Segment Start: Data provided
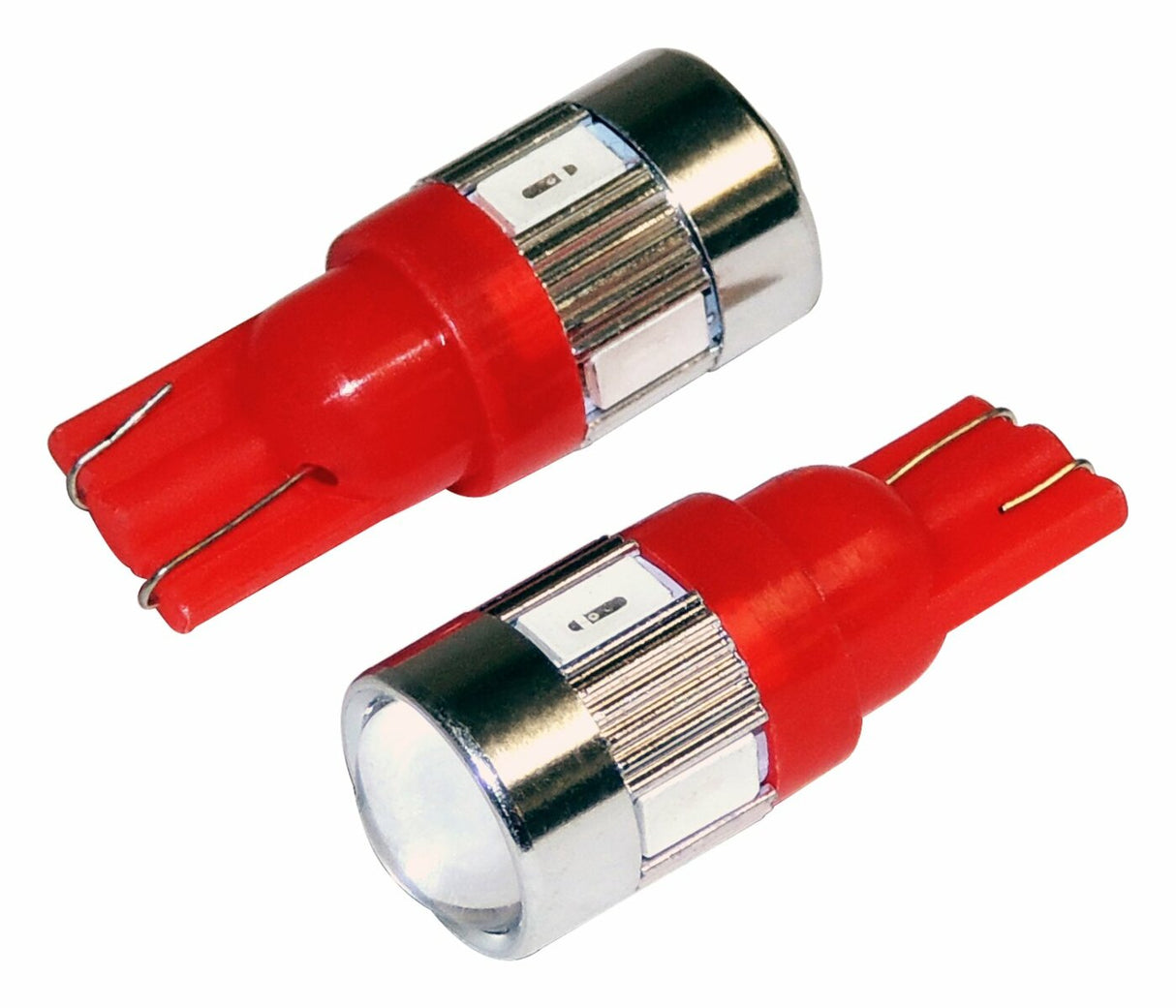 t RT Off-Road - LED Bulb Kit - RT28064 RT Off-Road
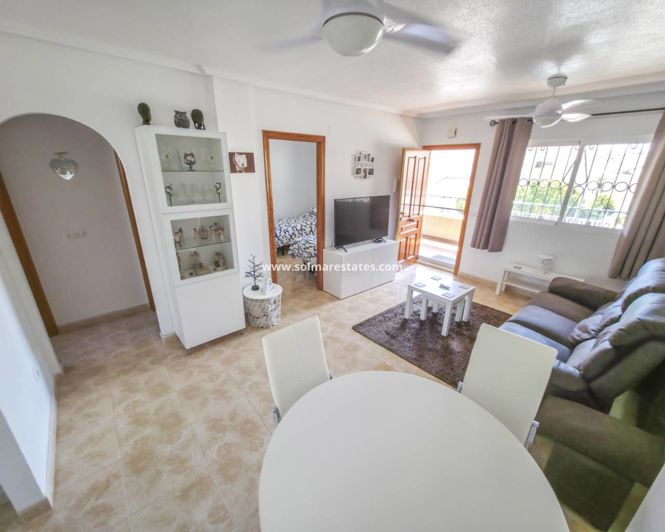 Image No.17-2 Bed Apartment for sale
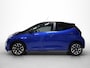 Toyota Aygo 1.0 VVT-i x-cite ultimate | Camera | LM Velgen |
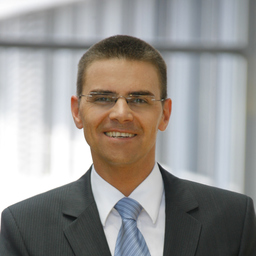 Thorsten Schmidt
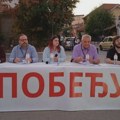 Tribina o radu Studentske liste u Kragujevcu
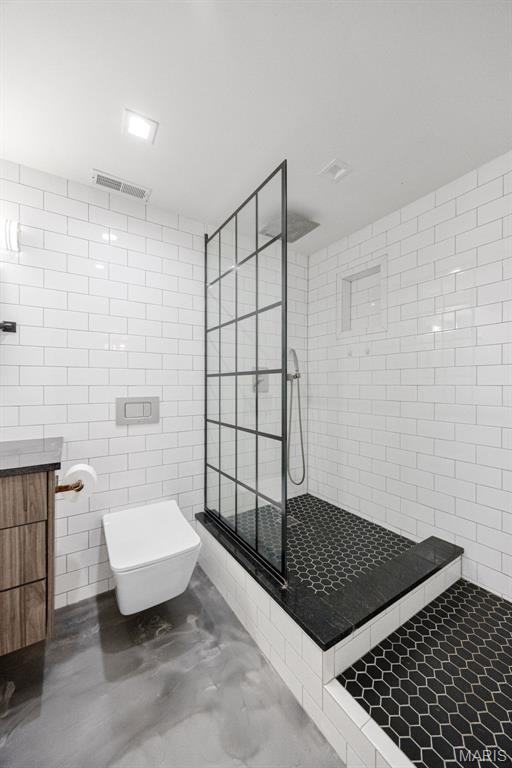 4100 Laclede Avenue, Unit 109 St. Louis, MO 63108 - Photo 18 of 38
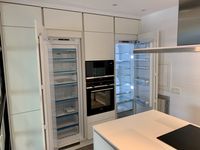 DISEÑO-COCINA-REFORMAS INTEGRALES-COCINARTE-PAMPLONA-ESTUDIO-EXCLUSIVO-CAPACIDAD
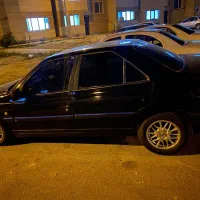 خودرو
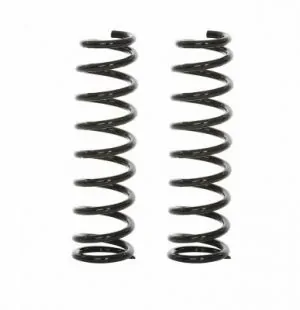 ARB 3028 Front Pair of OME Coil Springs for Mercedes G-WAGON G350 BLUETECH:G55 AMG Models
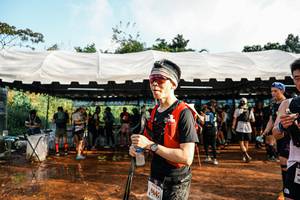 BIB: 
                            <button type="button" onclick="openModal(25469889)" class="btn btn-primary btn-sm float-right btn-popup" data-toggle="modal" data-target=".modal-high-quality">
                        <i class="fas fa-shopping-cart"></i> Add to Cart
                    </button>
                                            <button type="button" onclick="isThisMe(25469889, true)" class="btn btn-success btn-sm float-right btn-popup btn-isme hidden" data-toggle="tooltip" data-placement="bottom" title="นี่คือรูปของคุณใช่ไหม คลิกที่นี่เพื่อเอาเข้าอัลบั้ม">
                        <i class="fas fa-plus"></i> Add to album
                    </button>
                    <button type="button" onclick="isThisMe(25469889, false)" class="btn btn-warning btn-sm float-right btn-popup btn-isnotme hidden">
                        <i class="fas fa-ban"></i> Remove from album
                    </button>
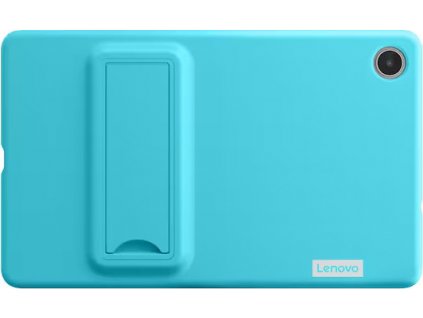 Lenovo Bumper Case for Tab M8 (4th Gen)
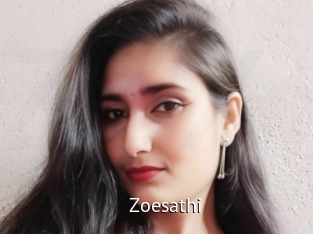 Zoesathi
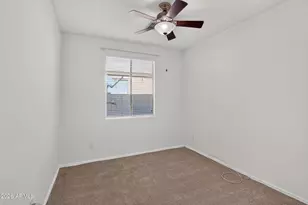 18425 W La Mirada Dr, Goodyear, AZ 85338 - Photo 26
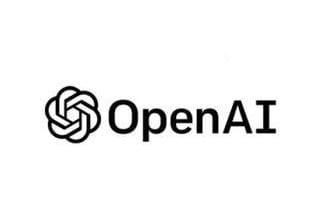 RoundtableSpace's tweet photo. OPENAI IS LAUNCHING ASTRA NEXT WEEK.

Largest pretrain since GPT-4.5. Internal codename is "mewfour" and it's already at release candidate.

The model war just got a new entry. https://t.co/OZaHMyUeyQ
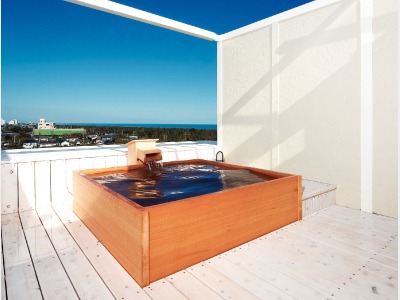 貸切露天風呂-05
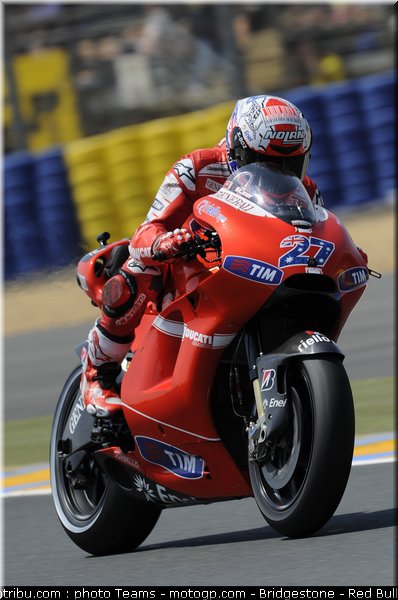 motogp_stoner_06_france_2010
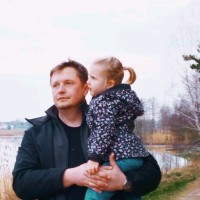 Krzysztof Romanowski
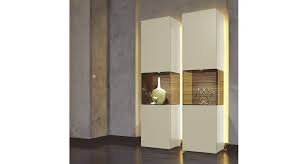 Vitrine a poser sur meuble, vitrine a suspendre ou poser, vitrine murale ou a poser tourlonias, vitrine en verre a poser, vitrine a poser, meuble poser telephone, meuble d angle pvc a poser, meuble tele a poser, tablette a poser meuble tv, meuble pour poser une tele, etagere basse a poser sur meuble Meuble Vitrine Avec Eclariage Epure Design Hulsta Gentis Allemagne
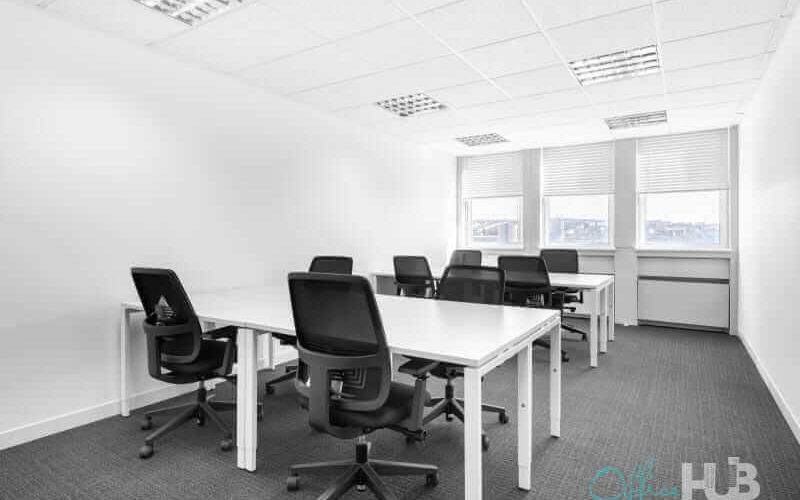 44 North Road, Brighton Image 1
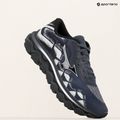 Men's running shoes Mizuno Wave Horizon 7 india ink/nimbus cloud/black 8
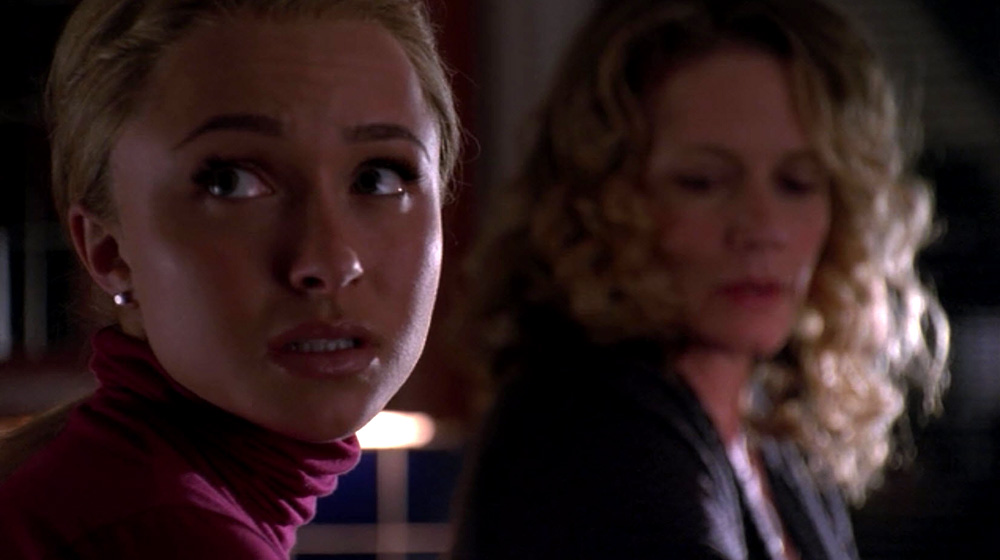 heroes_season3_0001507.jpg heroes_season3_0001507.jpg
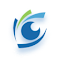 Outreach Optimization for sales and marketing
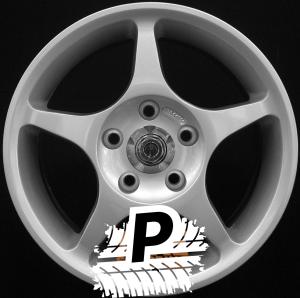 ALUSTAR/EX.LINE T silber 7.00 x 17 ET 42.00 5x120 ALUSTAR/EX.LINE T silber 7.00 x 17 ET 42.00 5x120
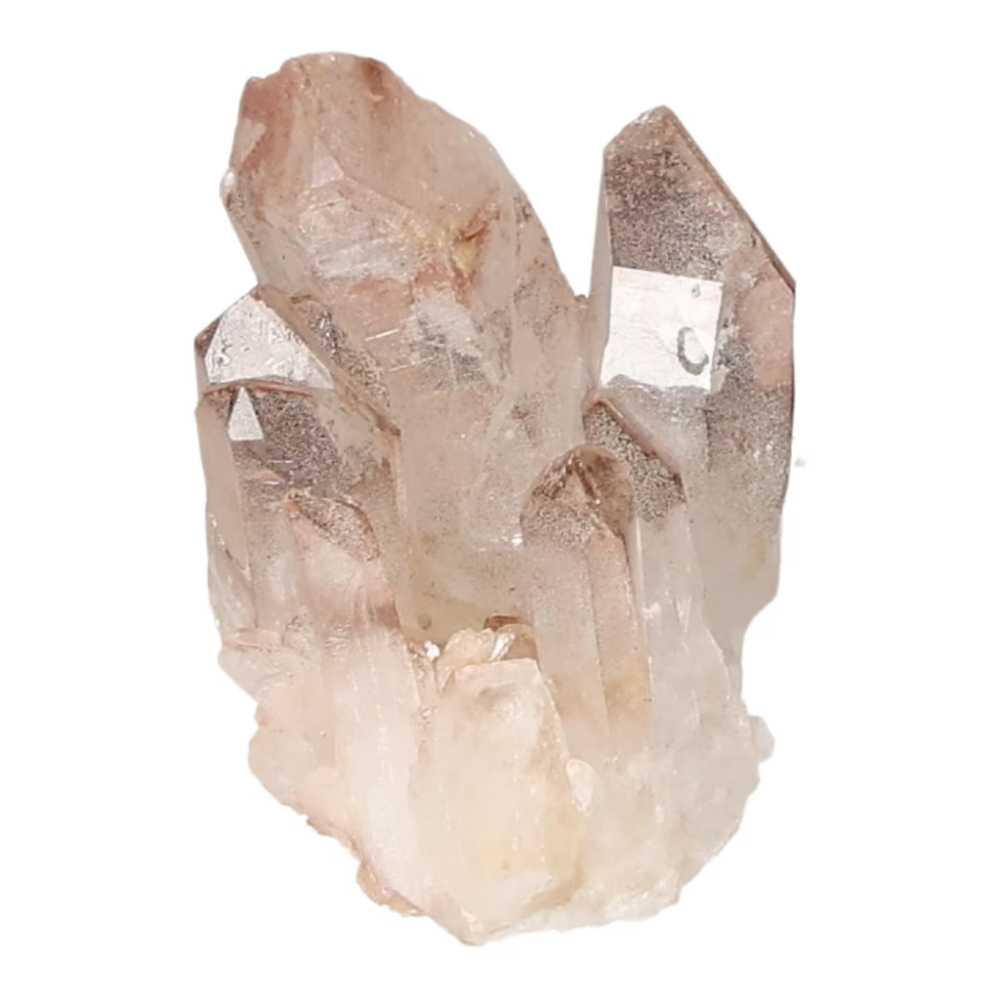 orbitvu|type:ORBITVU 360|https://orbitvu.co/share/dhWkiMaJaBArADwB5KPKAP/6529519/360/iframe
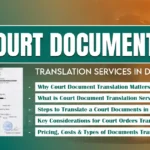 court-document-translation-services-in-dubai-superior-translation-office-in-dubai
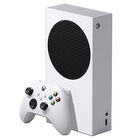 Consola Xbox Series S de 512GB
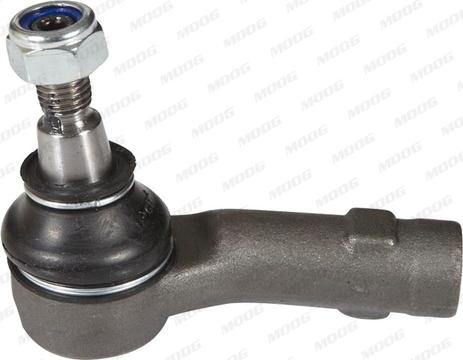 Moog VO-ES-8255 - Tie Rod End autospares.lv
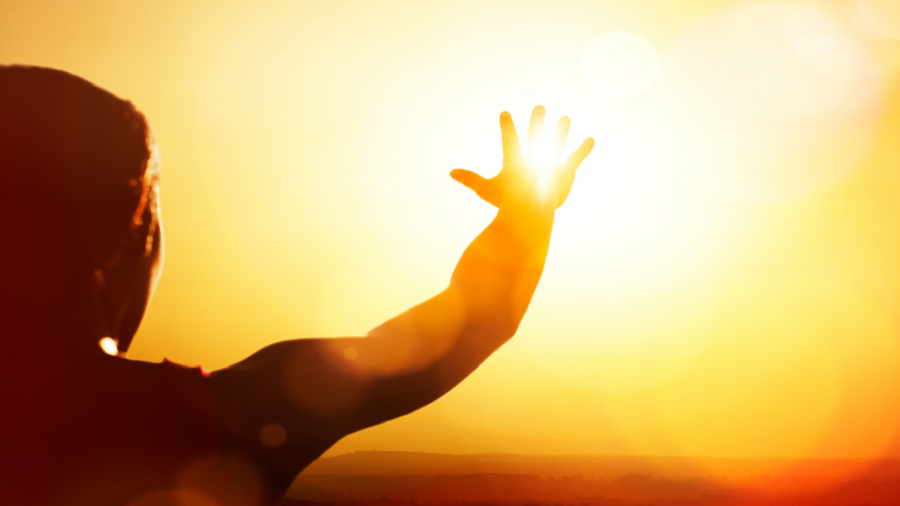 منظمة مراقبة المناخ: جويلية 2023.. الأشد حرّا على مر التاريخ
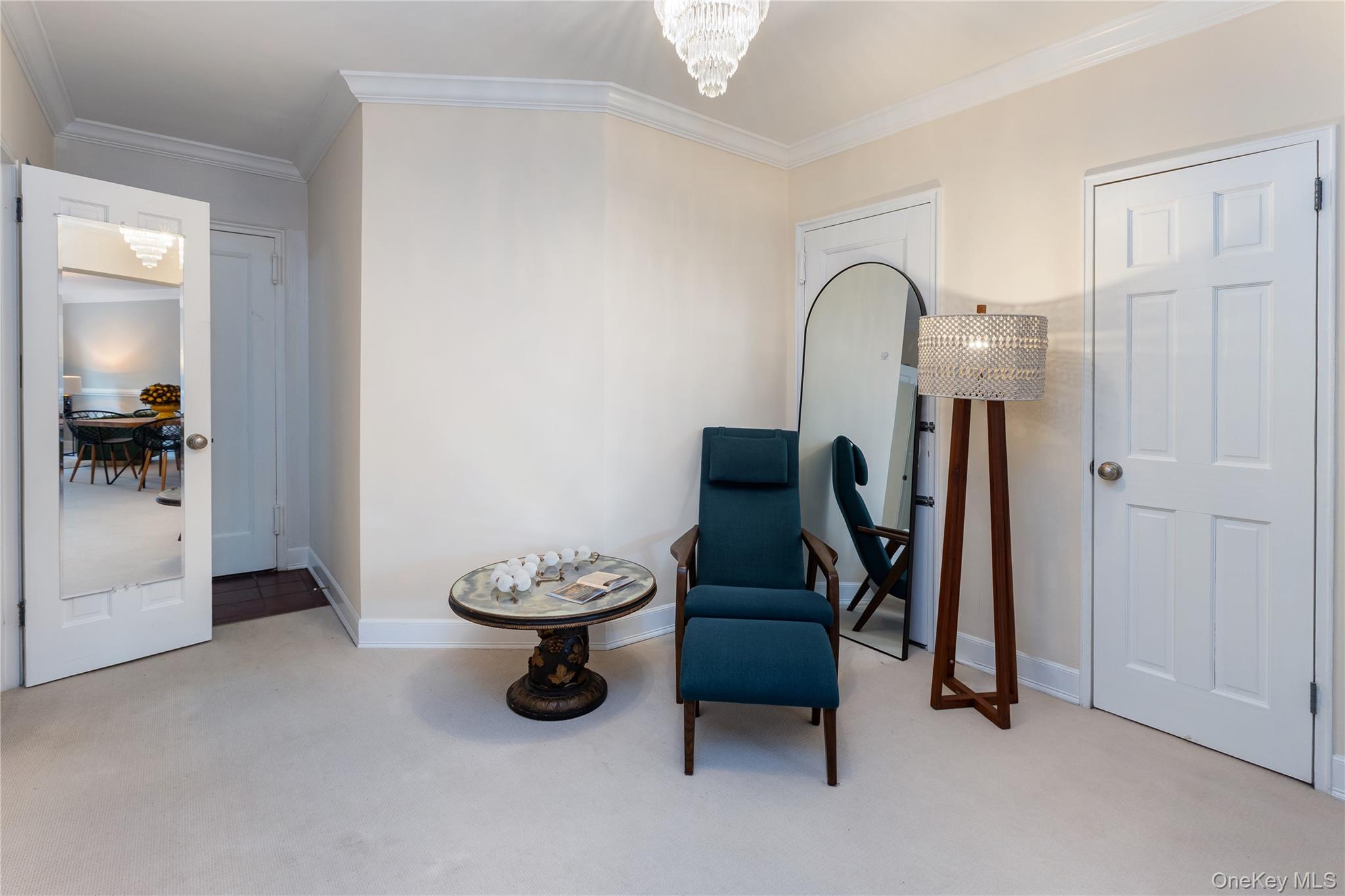 #5 photo, 640 W 231 Street, ブロンクス区 Bronx , NY 10463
Segment End: Data provided
= Task brief =
Lines containing the word "hidden" must all be returned from the material above.

= Answer section =
                                            <button type="button" onclick="isThisMe(25469889, true)" class="btn btn-success btn-sm float-right btn-popup btn-isme hidden" data-toggle="tooltip" data-placement="bottom" title="นี่คือรูปของคุณใช่ไหม คลิกที่นี่เพื่อเอาเข้าอัลบั้ม">
                    <button type="button" onclick="isThisMe(25469889, false)" class="btn btn-warning btn-sm float-right btn-popup btn-isnotme hidden">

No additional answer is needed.